Resumo da ópera: consegui o emprego. E nele fingi trabalhar por todo este tempo. Não me lembro bem de quanto tempo foi porque em grande parte dele estive em um estado engraçado em que as nuvens conversavam comigo, vacas voavam e árvores sorriam. Tudo ia bem até a semana passada, quando recebi o comunicado solicitando um trabalho urgente e importantíssimo, a ser realizado no trajeto de uma imponente parada militar. Li e reli estupefato o pedaço de papel, horrorizado por alguém me achar capaz de fazer algo decente. Finalmente me acalmei após secar três garrafas e fui à luta.

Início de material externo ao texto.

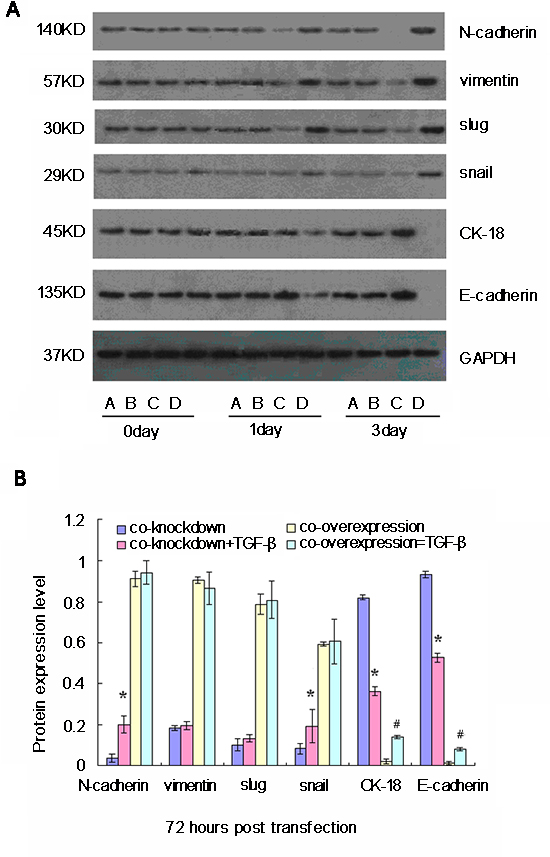 Western blot analyses of relative expression levels of epithelial-mesenchymal transition (EMT)-related genes in cancer stem cells (CSC) following simultaneously modulation of Oct-4 and Nanog expression and TGF-&#x03B2; stimulation in vitro.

Na minha modesta opinião, concebi uma das obras primas da humanidade:


Infelizmente, meu chefe no SPDEADM (Setor de Pintura Divisória de Estradas Asfálticas de Duas Mãos) não gostou muito e arbitrariamente me demitiu.
Então, enquanto busco subsídios jurídicos para processar meu chefe, o SPDEADM (não vou ficar repetindo o que esta porcaria significa), o governo dos Urais e o Rafinha Bastos (já que todo mundo processa, por que não eu?), vou ficando por aqui. Sinto-me um gênio incompreendido, e só não corto a orelha porque não gosto de imitar os outros.
Por fim, prezado leitor, prezada leitora destas mal traçadas, só me resta a pergunta: por acaso você pinta como eu pinto?